§ What is required
The line with "The Puffy Tripple Heart bag accessory" marks the first line to copy, and the line with "Pilates Ankle Weights 2 Lbs/1Lb" marks the last. Transcribe that stretch of the data below exactly, without pictures.

Scraped caption text data
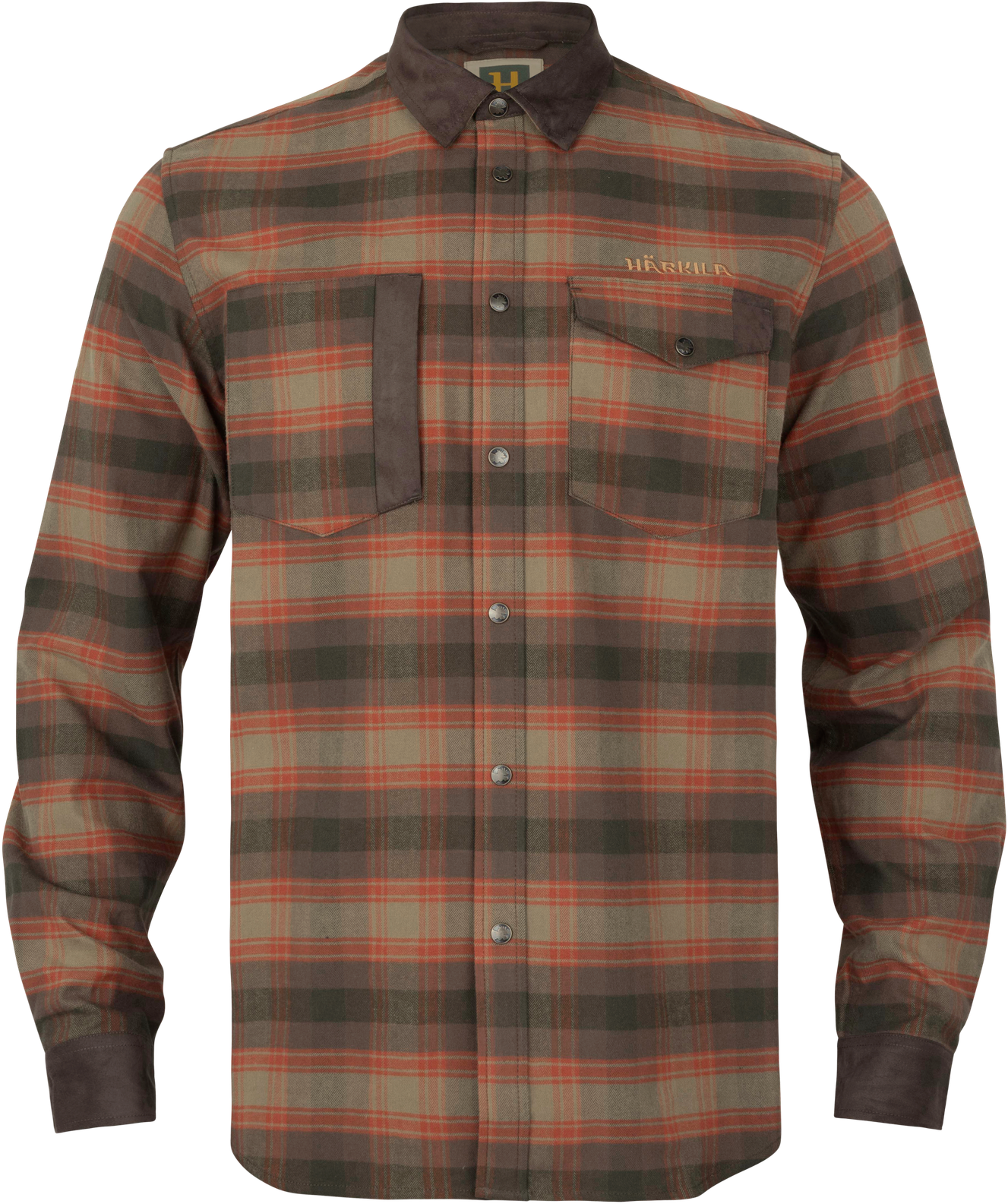 Autumn orange check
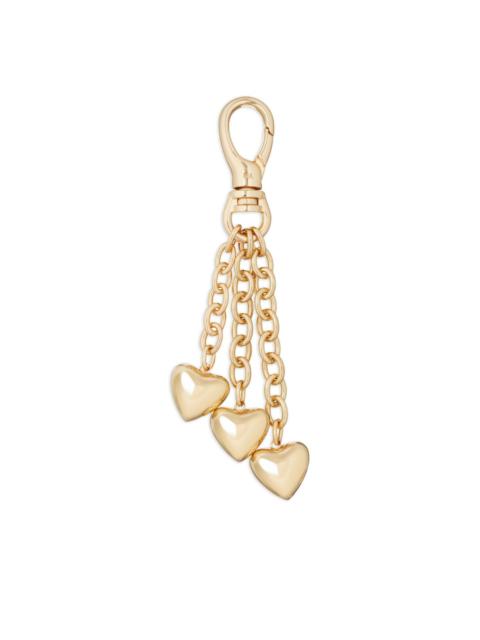 The Puffy Tripple Heart bag accessory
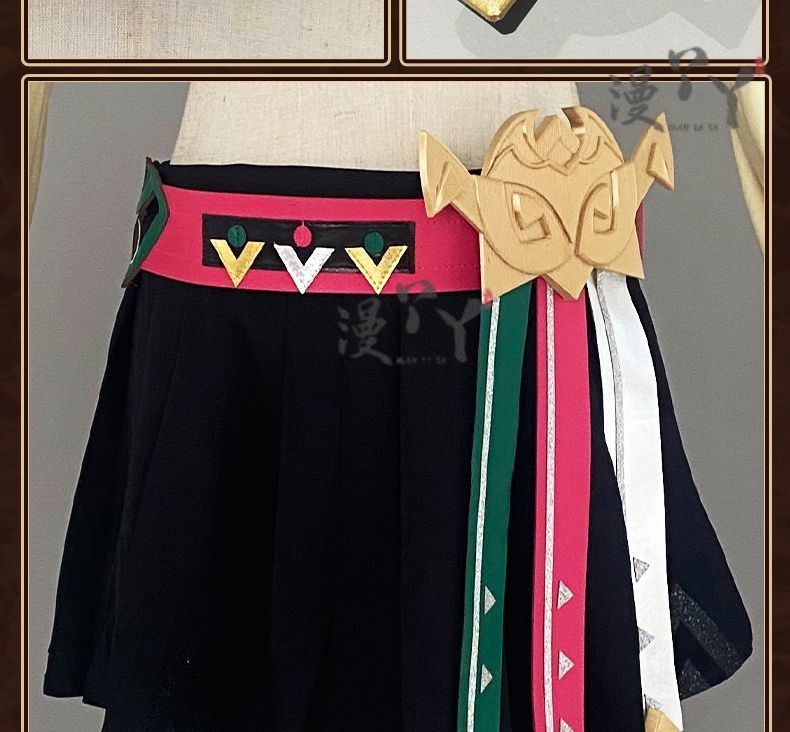 Genshin Impact Vareesa Cosplay Costume - Full Set Anime Game Roleplay Outfit with Accessories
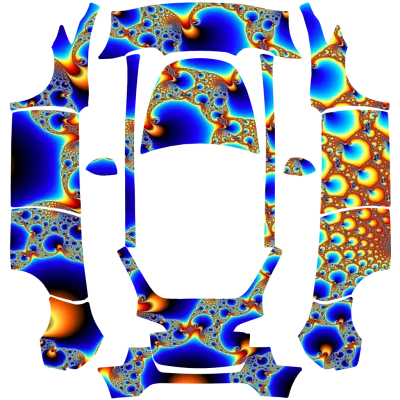 分形藍（fractal_blu） – 特斯拉 Model Y 塗裝
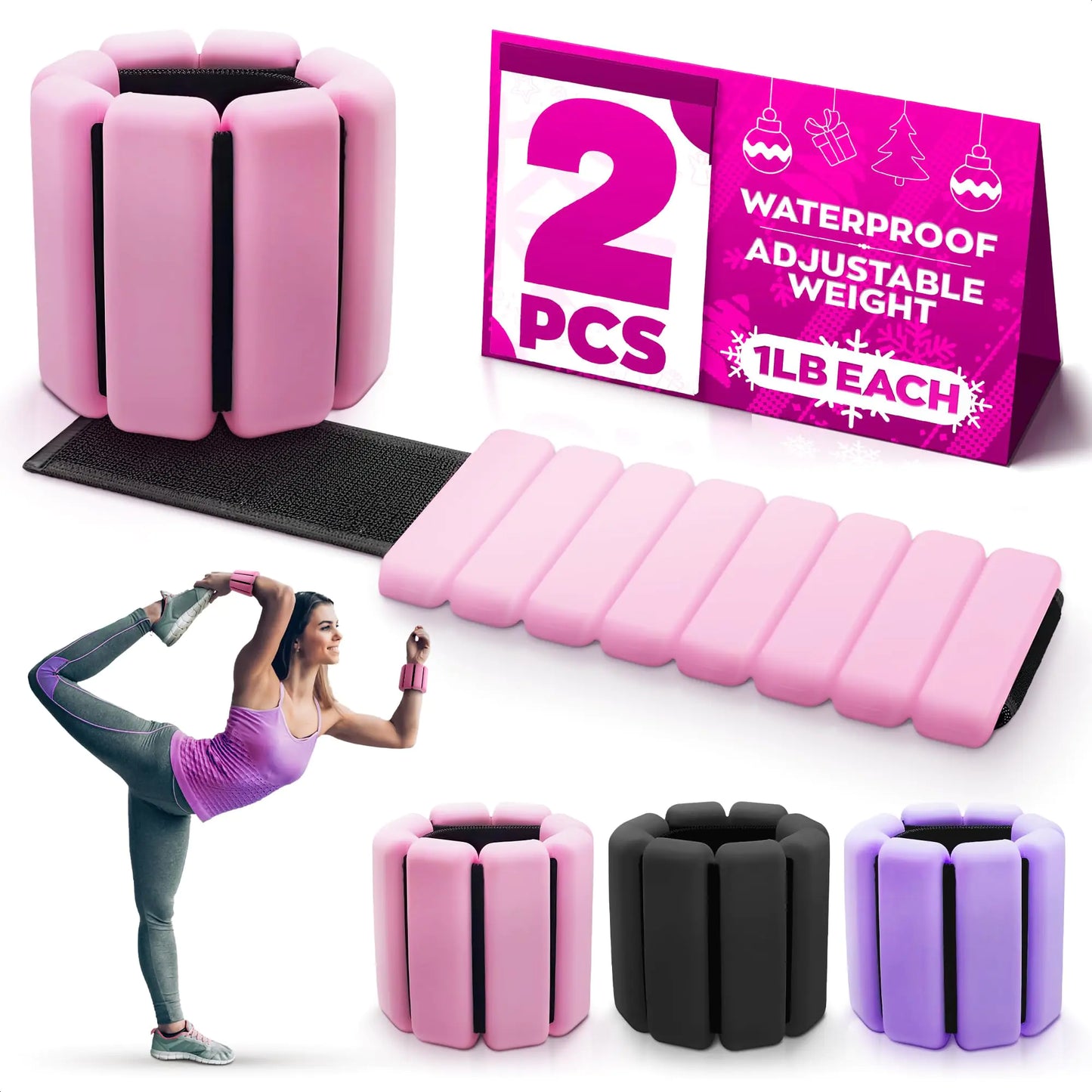 Pilates Ankle Weights 2 Lbs/1Lb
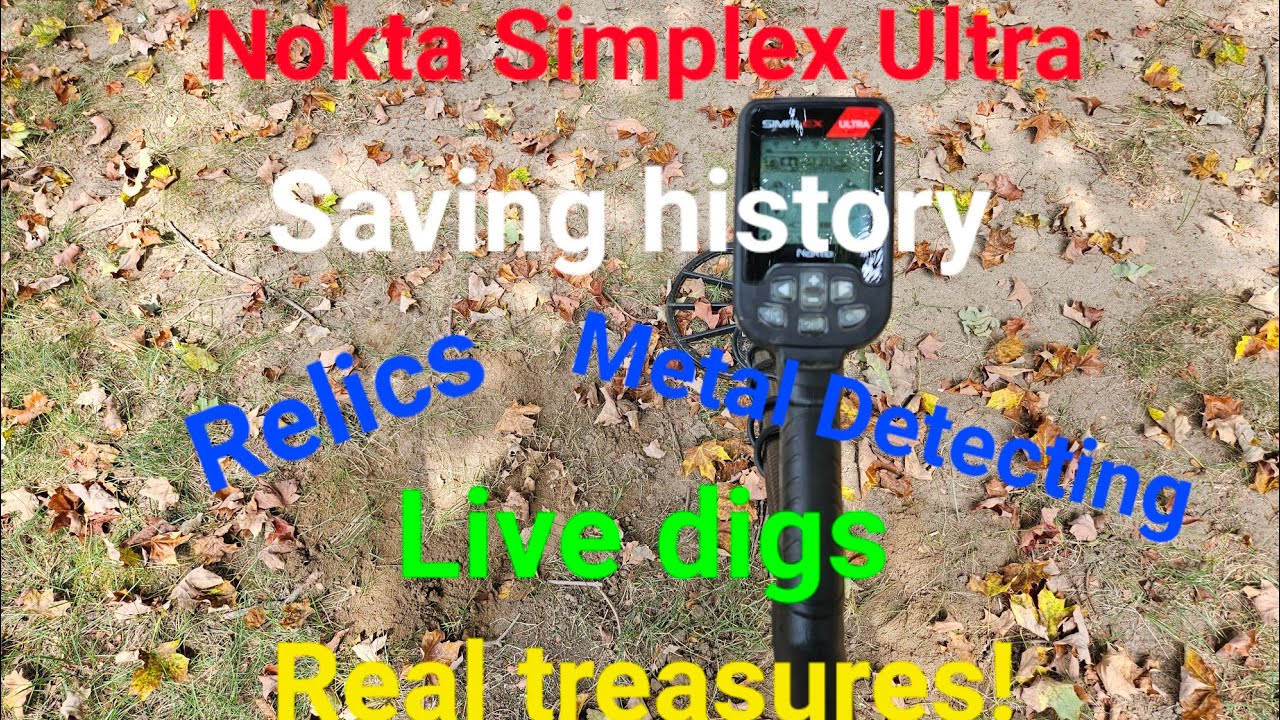 Металлоискатель Nokta Simplex Ultra в очень жаркий день сохраняет историю!!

§ Answer to the problem
 The Puffy Tripple Heart bag accessory
 Genshin Impact Vareesa Cosplay Costume - Full Set Anime Game Roleplay Outfit with Accessories
 分形藍（fractal_blu） – 特斯拉 Model Y 塗裝
 Pilates Ankle Weights 2 Lbs/1Lb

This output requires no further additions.